Personal information
- Full name: Yanis Senhadji Chikhaoui
- Date of birth: 5 January 2005 (age 21)
- Place of birth: Sant Feliu de Llobregat, Spain
- Height: 1.84 m (6 ft 0 in)
- Position: Forward

Team information
- Current team: Real Jaén
- Number: 15

Youth career
- 2017–2020: Cornellà
- 2020–2021: Sant Andreu
- 2021–2022: Betis
- 2022–2023: Calavera
- 2023–2024: Betis

Senior career*
- Years: Team / Apps / (Gls)
- 2023–2026: Betis B / 37 / (7)
- 2024–2025: → Tenerife (loan) / 7 / (0)
- 2025: → Hércules (loan) / 1 / (0)
- 2026–: Real Jaén / 0 / (0)

International career^{‡}
- 2023–2024: Spain U19 / 13 / (3)

Medal record
Men's football
Representing Spain
UEFA European Under-19 Championship
| Winner | 2024 Northern Ireland |  |

= Yanis Senhadji =

Algerian footballer (born 2005)

Yanis Senhadji Chikhaoui (يانيس الصنهاجي; born 5 January 2005) is a professional footballer who plays as a forward for Real Jaén. Born in Spain and a former Spanish youth international, he changed his international allegiance to Algeria.

==Early life==
Senhadji is a native of Sant Feliu de Llobregat, Catalonia. He is of Algerian descent.

==Club career==
Senhadji joined the youth sides of Real Betis in 2021, after representing UE Sant Andreu and UE Cornellà. On 1 October 2023, he made his senior debut with the reserves during a 1–1 Segunda Federación draw with Sevilla Atlético.
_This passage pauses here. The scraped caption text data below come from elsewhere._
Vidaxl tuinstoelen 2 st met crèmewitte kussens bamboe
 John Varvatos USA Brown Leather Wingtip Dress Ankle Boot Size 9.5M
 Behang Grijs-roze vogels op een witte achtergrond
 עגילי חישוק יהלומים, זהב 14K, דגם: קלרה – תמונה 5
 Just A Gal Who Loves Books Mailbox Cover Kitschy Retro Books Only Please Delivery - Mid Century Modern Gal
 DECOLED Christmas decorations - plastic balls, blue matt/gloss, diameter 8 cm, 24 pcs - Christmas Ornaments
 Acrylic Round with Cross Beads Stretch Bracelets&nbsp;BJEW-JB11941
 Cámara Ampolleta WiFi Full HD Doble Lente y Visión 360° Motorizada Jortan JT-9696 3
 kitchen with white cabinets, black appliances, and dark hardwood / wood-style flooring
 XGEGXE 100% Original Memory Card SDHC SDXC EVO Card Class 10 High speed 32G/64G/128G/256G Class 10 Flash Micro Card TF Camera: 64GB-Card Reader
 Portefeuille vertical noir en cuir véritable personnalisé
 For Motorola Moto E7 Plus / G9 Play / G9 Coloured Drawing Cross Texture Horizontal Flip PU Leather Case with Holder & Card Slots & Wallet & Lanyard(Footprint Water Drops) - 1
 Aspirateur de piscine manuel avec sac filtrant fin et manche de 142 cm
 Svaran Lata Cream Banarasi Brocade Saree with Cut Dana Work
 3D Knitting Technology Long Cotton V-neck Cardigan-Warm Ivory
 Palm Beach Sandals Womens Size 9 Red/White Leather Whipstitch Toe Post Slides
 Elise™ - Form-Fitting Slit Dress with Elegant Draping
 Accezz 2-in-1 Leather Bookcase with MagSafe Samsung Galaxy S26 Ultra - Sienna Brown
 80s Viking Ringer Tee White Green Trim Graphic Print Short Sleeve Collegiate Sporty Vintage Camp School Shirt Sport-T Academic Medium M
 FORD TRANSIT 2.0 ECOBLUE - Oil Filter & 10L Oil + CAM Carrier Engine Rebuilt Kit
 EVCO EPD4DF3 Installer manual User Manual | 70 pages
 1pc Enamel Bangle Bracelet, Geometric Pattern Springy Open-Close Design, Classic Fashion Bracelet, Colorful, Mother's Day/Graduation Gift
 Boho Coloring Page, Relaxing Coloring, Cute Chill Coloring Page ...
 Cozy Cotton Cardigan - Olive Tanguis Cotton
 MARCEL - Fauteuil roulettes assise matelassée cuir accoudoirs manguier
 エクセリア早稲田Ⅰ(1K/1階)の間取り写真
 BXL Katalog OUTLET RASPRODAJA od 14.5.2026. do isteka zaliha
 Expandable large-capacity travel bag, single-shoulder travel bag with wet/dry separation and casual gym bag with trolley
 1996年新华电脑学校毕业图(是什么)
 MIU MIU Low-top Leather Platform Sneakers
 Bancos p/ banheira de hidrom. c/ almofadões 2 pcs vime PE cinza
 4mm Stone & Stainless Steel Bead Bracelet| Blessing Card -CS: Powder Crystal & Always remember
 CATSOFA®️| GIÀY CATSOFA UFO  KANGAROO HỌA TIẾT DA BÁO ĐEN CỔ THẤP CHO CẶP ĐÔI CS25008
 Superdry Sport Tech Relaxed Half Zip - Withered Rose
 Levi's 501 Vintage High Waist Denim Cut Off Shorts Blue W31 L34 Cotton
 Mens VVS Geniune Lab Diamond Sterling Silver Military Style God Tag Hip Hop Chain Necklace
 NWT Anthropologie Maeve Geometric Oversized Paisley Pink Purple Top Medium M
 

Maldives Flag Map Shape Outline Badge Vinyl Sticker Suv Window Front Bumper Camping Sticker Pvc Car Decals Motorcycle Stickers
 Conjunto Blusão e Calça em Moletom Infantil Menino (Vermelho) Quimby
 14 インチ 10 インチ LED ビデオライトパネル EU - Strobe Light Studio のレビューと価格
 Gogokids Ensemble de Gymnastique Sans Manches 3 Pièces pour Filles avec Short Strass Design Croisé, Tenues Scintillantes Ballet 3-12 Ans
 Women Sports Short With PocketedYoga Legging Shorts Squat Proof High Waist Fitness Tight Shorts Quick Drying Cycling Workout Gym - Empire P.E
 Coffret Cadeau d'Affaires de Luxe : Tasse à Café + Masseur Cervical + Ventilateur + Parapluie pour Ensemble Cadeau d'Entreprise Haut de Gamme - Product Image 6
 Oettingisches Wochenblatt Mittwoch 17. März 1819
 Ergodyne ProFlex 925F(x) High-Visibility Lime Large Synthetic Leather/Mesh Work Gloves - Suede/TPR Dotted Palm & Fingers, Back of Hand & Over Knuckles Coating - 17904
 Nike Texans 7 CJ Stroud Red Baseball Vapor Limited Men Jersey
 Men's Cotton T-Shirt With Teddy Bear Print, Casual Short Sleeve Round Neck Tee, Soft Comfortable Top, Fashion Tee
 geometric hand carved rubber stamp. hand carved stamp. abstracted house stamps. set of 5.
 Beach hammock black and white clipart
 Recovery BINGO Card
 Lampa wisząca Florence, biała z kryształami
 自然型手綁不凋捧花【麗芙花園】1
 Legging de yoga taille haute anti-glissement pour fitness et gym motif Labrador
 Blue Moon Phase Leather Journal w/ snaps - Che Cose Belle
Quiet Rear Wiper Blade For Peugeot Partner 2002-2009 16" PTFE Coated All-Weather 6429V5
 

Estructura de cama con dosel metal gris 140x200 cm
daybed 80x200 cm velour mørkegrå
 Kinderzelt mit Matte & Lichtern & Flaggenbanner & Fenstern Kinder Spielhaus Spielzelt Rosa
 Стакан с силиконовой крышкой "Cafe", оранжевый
On 11 November 2023, he scored his first goal for the club during a 5–2 win over CA Antoniano.

On 11 January 2024, Senhadji renewed his contract with the Verdiblancos until 2028. On 19 June, after helping the B's in their promotion to Primera Federación, he was loaned to Segunda División side CD Tenerife, for one year.

On 29 January 2025, Senhadji moved on a new loan to Hércules in Primera Federación.

==International career==
Senhadji has represented Spain internationally at youth level. He is eligible to represent Algeria internationally through his parents.

On 3 September 2026, Senhadji's request to switch allegiance to Algeria was approved by FIFA.

==Style of play==
Senhadji mainly operates as a striker. He is right-footed. He is known for his versatility.